0

Given the following list:

list_ex = ['s1', 's2', 's1', 's4', 's2', 's3', 's1']

How can all the indices of all the distinct elements, be found?

For example, for s1, this would be locations [0, 2, 6].

I think that I can do this by running a loop over the distinct elements list(set(list_ex)), and then do a np.where to find the location?

Trenton McKinney
  • 56,955
  • 33
  • 144
  • 158
P Emt
  • 35
  • 4

3 Answers3

1

You could loop through the elements, building up a dictionary mapping elements to the list of indices for that element. Using a defaultdict of type list is convenient for this because you automatically get an empty list when reading a new element for the first time.

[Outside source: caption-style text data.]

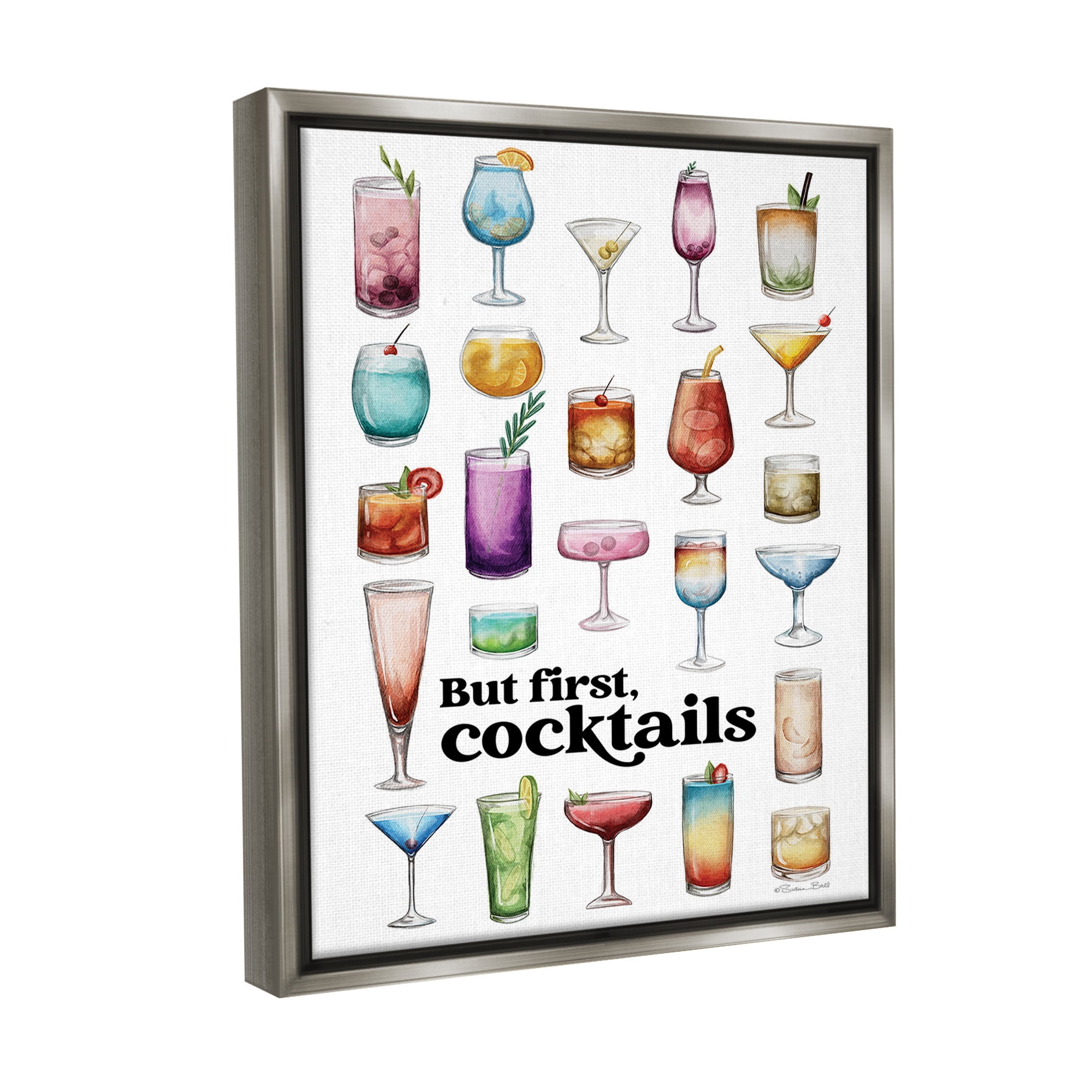 Stupell Industries But First Cocktails Food & Beverage Painting Gray Floater Framed Canvas Art Print Wall Art, 17 x 21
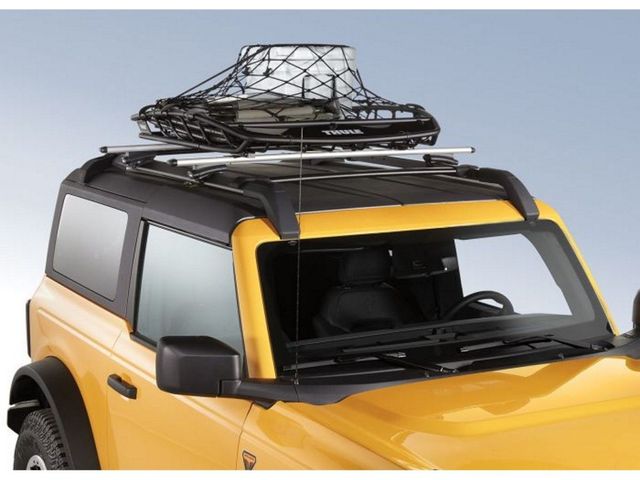 VJT4Z7855100C - Hauling: Thule Rack-Mounted Cargo Basket with Net for Ford: Bronco, Bronco Sport, E-350 Super Duty, E-450 Super Duty, EcoSport, Edge, Escape, Expedition, Explorer, F-150, F-250 Super Duty, F-350 Super Duty, F-450 Super Duty, F-550 Super Duty, Fusion, Maverick, Mustang Mach-E, Ranger, Transit Connect | Lincoln: Aviator Image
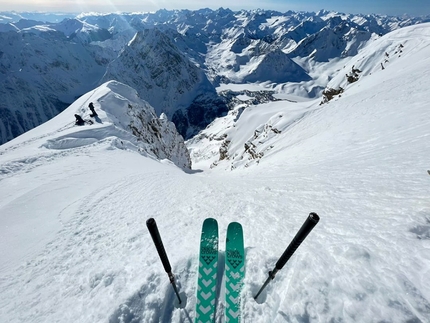 Mount Ethelbert, South Face, Canada, Christina Lustenberger, Mark Herbison, Sam Smoothy - Christina Lustenberger making the first ski descent of the South Face of Mount Ethelbert in Canada, with Mark Herbison and Sam Smoothy on 05/03/2022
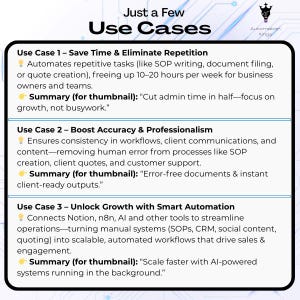 May include: A graphic with the title "Just a Few Use Cases" and three sections detailing automation benefits. The sections highlight saving time, boosting accuracy, and unlocking growth through smart automation. Each section includes a summary.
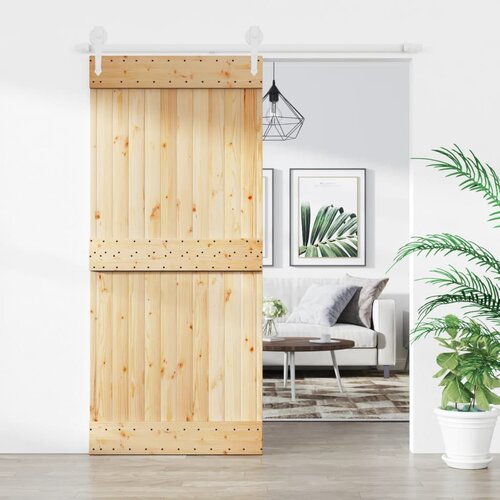 vidaXL Drsna vrata s kompletom vodil 90x210 cm trdna borovina Cene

from collections import defaultdict

list_ex = ['s1', 's2', 's1', 's4', 's2', 's3', 's1']

indices = defaultdict(list)

for i, v in enumerate(list_ex):
  indices[v].append(i)

print(indices)

This prints the following:

defaultdict(<class 'list'>, {'s1': [0, 2, 6], 's2': [1, 4], 's4': [3], 's3': [5]})
Matthew Strawbridge
  • 19,940
  • 10
  • 72
  • 93
1

I've found that pandas seems to be optimized for this kind of problem.

import random
import pandas as pd
x = [f's{i}' for i in range(1000)]
l = [random.choice(x) for _ in range(2000000)]
output = pd.DataFrame(l).groupby([0]).indices

It can be 3 times faster than enumerate in optimal scenarios (sizes of groups are large) and 3 times slower in cases where sizes of groups are small (1 - 2 items per group).

Trenton McKinney
  • 56,955
  • 33
  • 144
  • 158
mathfux
  • 5,759
  • 1
  • 14
  • 34
0

Here is a short solution using a list comprehension:

locations = [el[0] for el in enumerate(list_ex) if el[1] == "s1"]

Explanation

Enumerate creates a list of location / element pairs, it looks like this:

[(0, 's1'), (1, 's2'), (2, 's1'), (3, 's4'), (4, 's2'), (5, 's3'), (6, 's1')]

This code below gets the same result, it's just showing it in a for loop form:

target = 's1'
locations = []

for el in enumerate(list_ex):
    if el[1] == target:
        locations.append(el[0])